Evolutionary Flexible Job Shop Scheduling - an Application Service Provider Approach: The objective of this work is to provide the factories operating plastic injection machines (FPIM) with high business speed which implies (i) providing the customers with convenient way for remote online access to the factory's database and (ii) developing an efficient scheduling routine for planning the assignment of the submitted customers' orders to FPIM machines. Remote online access to FPIM database, approached via delivering the software as a Web-service in accordance with the application service provider (ASP) paradigm is proposed. As an approach addressing the issue of efficient scheduling routine, a hybrid evolutionary algorithm (HEA) combining priority- dispatching rules (PDRs) with GA is developed. In our approach HEA is developed using Oracle PL/SQL programming language and stored on database server as a stored procedure (SP). Database server also handles the execution of SP. The benefits of implementing HEA as SP are improved performance, reduced network overhead and enhanced security.

Single System Image Middleware (SSIM) for Metacomputer Implementation of Parallel Genetic Programming (GP): The approach is based on boss-workers model of parallelism exploiting the medium-grained inherent parallelism among the evaluation of individuals in GP. For GP-applications, the SSIM, developed applying the paradigm of Distributed Component Object Model (DCOM), creates an illusion of single virtual supercomputer representing the pool of nondedicated, heterogeneous workstations (or PCs) in LAN environment. In addition, SSIM manages the issues of locating and allocating the resources (workstations or PCs), scheduling, load balancing and fault tolerance.
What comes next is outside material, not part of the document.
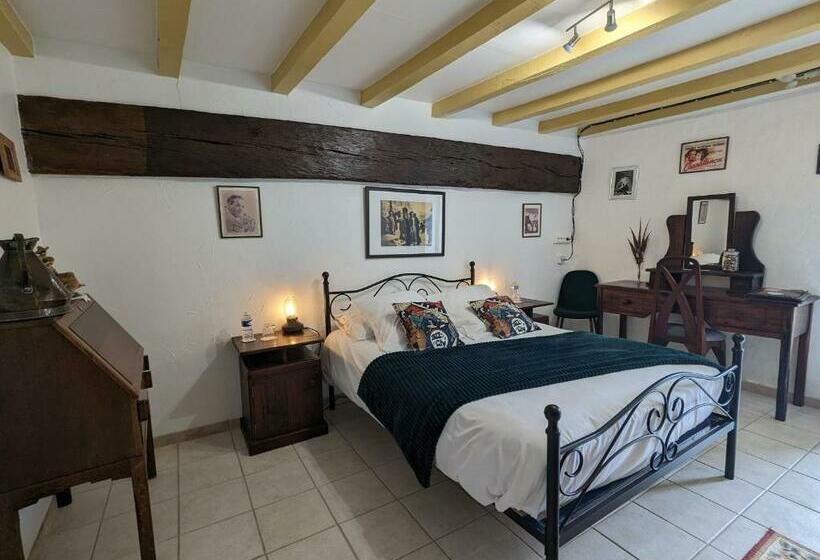 חדר סטנדרט, Guestroom Bouges Le Château, 1 Pièce, 2 Personnes   Fr 1 591 523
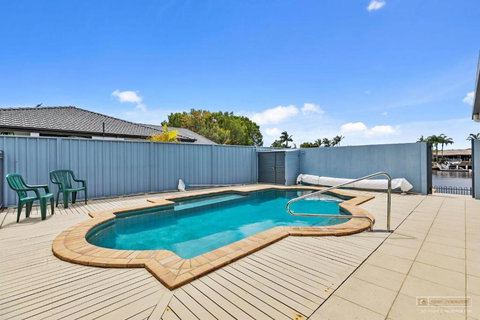 HALYCON HOUSE - Stayed 3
Distributed Collaborative Approach for GP: The approach is based on island model of parallelism exploiting the coarse-grained inherent parallelism among the semi-isolated subpopulations in GP. The subpopulations communicate with each other through the knowledge base (build on top of SQL database) which maintains the pool of globally fittest individuals. The approach is suitable for distributed implementation of GP on Internet environment.

Liebau Effect of Valveless Generation of Blood Circulation: The objective of this research is to understand the phenomenon of valveless generation of blood circulation (i.e. circulation generated by heart which has no valves), as originally discovered by G.Liebau. Personal engagement in this highly collaborative research is associated with the (i) comprehending the nature of the phenomenon, (ii) defining the properties and the operational mode of the valveless heart needed for the occurrence of phenomenon, (iii) developing the mathematical model of the phenomenon and (iv) software simulation.

Parallel Interpretation of Prolog on Heterogeneous Shared Memory RISC Multiprocessor: The objective of this research is to enchance the notoriously poor performance of Prolog-language through the exploitation of both AND- and OR-types of inherent parallelism of the language on the system level. This work includes developing the (i) process model (the task decomposition model) for parallel implementation of Prolog, (ii) inter-process communication mechanism, (iii) parallel multiprocessor architecture of Prolog-system based on specialized RISC-processors and (iv) instruction set of RISC-processors, semantically oriented to Prolog.

...and more: building and piloting supermaneuverable RC planes.